A história recente de Alagoas é marcada por crimes, impunidade e a ligação intrínseca de agentes do poder constituído com o crime organizado. O blog do Josivaldo Ramos apresenta um breve retrospecto das últimas duas décadas de crimes em Alagoas, resgatando a memória de crimes emblemáticos, elencando alguns dos maiores criminosos do estado, além de destacar organizações criminosas formadas, sempre, com a participação efetiva de autoridades, quando não do próprio Estado.

“Vultos” do crime

Cabo Gonçalves – José Gonçalves da Silva Filho, ex-cabo da Polícia Militar de Alagoas, foi expulso da Polícia Militar de Alagoas por envolvimento em crimes por encomenda. Cabo Gonçalves foi assassinado em 1996, próximo a um posto de combustíveis, na Via Expressa, na periferia de Maceió. Ele foi executado com vários tiros de pistola e metralhadora. Antes de morrer, quando esteve preso, Gonçalves acusou o Coronel Cavalcante de realizar vários crimes, a mando do deputado João Beltrão e outros políticos do Estado.

Cabo Ferreira ou Ferreirinha– Assim nominado o policial José Carlos da Silva Ferreira, ex-escrivão da policial Civil do Estado de Alagoas, considerado como o primeiro líder do grupo de extermínio Ninjas de União, é suspeito de envolvimento no homicídio do tributarista Sílvio Viana, além de ser um dos responsáveis pela “guerra da policia civil”, onde vários policiais, também envolvidos em crimes, foram executados. Cabo Ferreira foi assassinado em dezembro de 2004, com 12 tiros de pistola 380, quando saía da faculdade, na Vila Redenção, localidade conhecida como “Bolão”, no Bom Parto. Embora o inquérito tenha chegado à justiça, o mesmo não trás nenhum acusado do crime, na descrição do réu está: Autor desconhecido. A polícia alega que não havendo flagrante do crime, nem testemunhas oculares, com capacidade de reconhecer os assassinos, é impossível identificar os mesmos, justamente por conta do envolvimento da vítima com incontáveis crimes.

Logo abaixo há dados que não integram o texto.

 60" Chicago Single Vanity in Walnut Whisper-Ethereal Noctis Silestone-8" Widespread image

Fininho – Assim chamado o franzino Policial Militar Emanuel Guilhermino da Silva, considerado um dos maiores assassinos da história de Alagoas, aquém se atribui a participação em mais de 120 homicídios, conhecido como um dos braços armados do deputado estadual João Beltrão, foi assassinado em 2007 em um posto de combustíveis, no Bairro do Prado, em Maceió, poucos meses após ter deixado o Presídio Baldomero Cavalcante. Até hoje o inquérito não foi remetido à justiça. A polícia não tem aquém atribuir o crime, justamente pelo possível envolvimento da vítima em uma diversidade de crimes.

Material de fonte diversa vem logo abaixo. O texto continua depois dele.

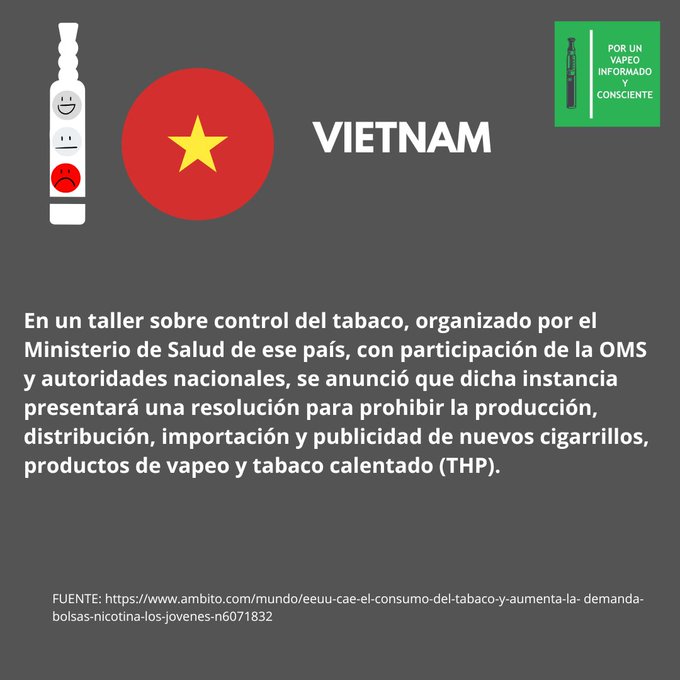 Vietnam: En un taller sobre control del tabaco, organizado por el Ministerio de Salud de ese país, con participación de la OMS y autoridades nacionales, se anunció que dicha instancia presentará una resolución para prohibir la producción, distribución, importación y publicidad de nuevos cigarrillos, productos de vapeo y tabaco calentado (THP).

Capitão Rocha Lima – nascido Antonio Marcos da Rocha Lima, o oficial da Polícia Militar de Alagoas, segundo informações divulgadas pela própria PM-AL, em 18 anos de Policia Militar o Rocha Lima, já respondeu a 20 procedimentos administrativos, a seu desfavor, sendo entre estes 03 Conselhos de Justificação, por motivos que vão de estupro, desordens em locais públicos, associação ao tráfico e extorsão, a determinações judiciais da 17ª Vara Criminal, por formação de quadrilha. A assessoria da PM aponta que o capitão já passou mais de 90 dias na prisão, além de que freqüenta lugares impróprios para um oficial de polícia, acompanhado de pessoas associadas a prática de crimes.

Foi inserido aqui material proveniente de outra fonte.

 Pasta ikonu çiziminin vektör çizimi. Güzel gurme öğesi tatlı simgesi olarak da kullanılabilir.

Coronel Cavalcante – Manoel Francisco Cavalcante, ou simplesmente Cavalcante é considerado o maior arquivo vivo do estado de Alagoas, atribui-se a ele a liderança da chamada gangue fardada, acusada de vários crimes, desde roubo de cargas a assassinatos nas décadas de 80 e 90. Cavalcante ficou 14 anos preso fora de Maceió e passou por pelo menos dois episódios, onde quase morreu dentro da penitenciária. O ex-coronel acusou os deputados estaduais Antônio Albuquerque e João Beltrão (que teve a prisão decretada pela justiça) e também o ex-deputado federal Francisco Tenório da autoria intelectual do assassinato do cabo Gonçalves.

Cabo Luiz Pedro – Famoso por, supostamente, incentivar invasões de loteamentos, Luiz Pedro foi nomeado policial em 1993, contudo “deixou” a polícia e ingressou na política, gozou de afastamento eleitoral por ter sido eleito deputado estadual em 2003 e vereador por Maceió em 2009, atribui-se a Luiz Pedro diversos homicídios ocorridos nas regiões habitadas sob as invasões lideradas por ele. Contudo é o assassinato do servente Carlos Roberto Rocha dos Santos que mais pesa contra o Cabo; isto porque, o pai da vítima manifesta publicamente e por diversas vezes que foi o, hoje parlamentar, que assassinou seu filho.

Casos emblemáticos

Caso Ricardo Lessa - Delegado da polícia Civil do Estado de Alagoas, Ricardo Lessa era irmão do ex-governador Ronaldo Lessa e na época do crime era o diretor do Departamento de Polícia da Capital (Depoc). Conta a história que o delegado Ricardo Lessa, responsável pelo combate inicial a “gangue fardada” teria mandado um recado ao então coronel Cavalcante. Pouco tempo depois veio à reação: o delegado foi metralhado praticamente na porta de casa quando se dirigia a seu automóvel. Ricardo Lessa foi morto em 9 de outubro de 1991, em Bebedouro. No mesmo atentado, também foi assassinado o policial civil Antenor Carlota, que era segurança de Lessa. Recentemente a justiça de Alagoas julgou a revelia dois ex-policiais.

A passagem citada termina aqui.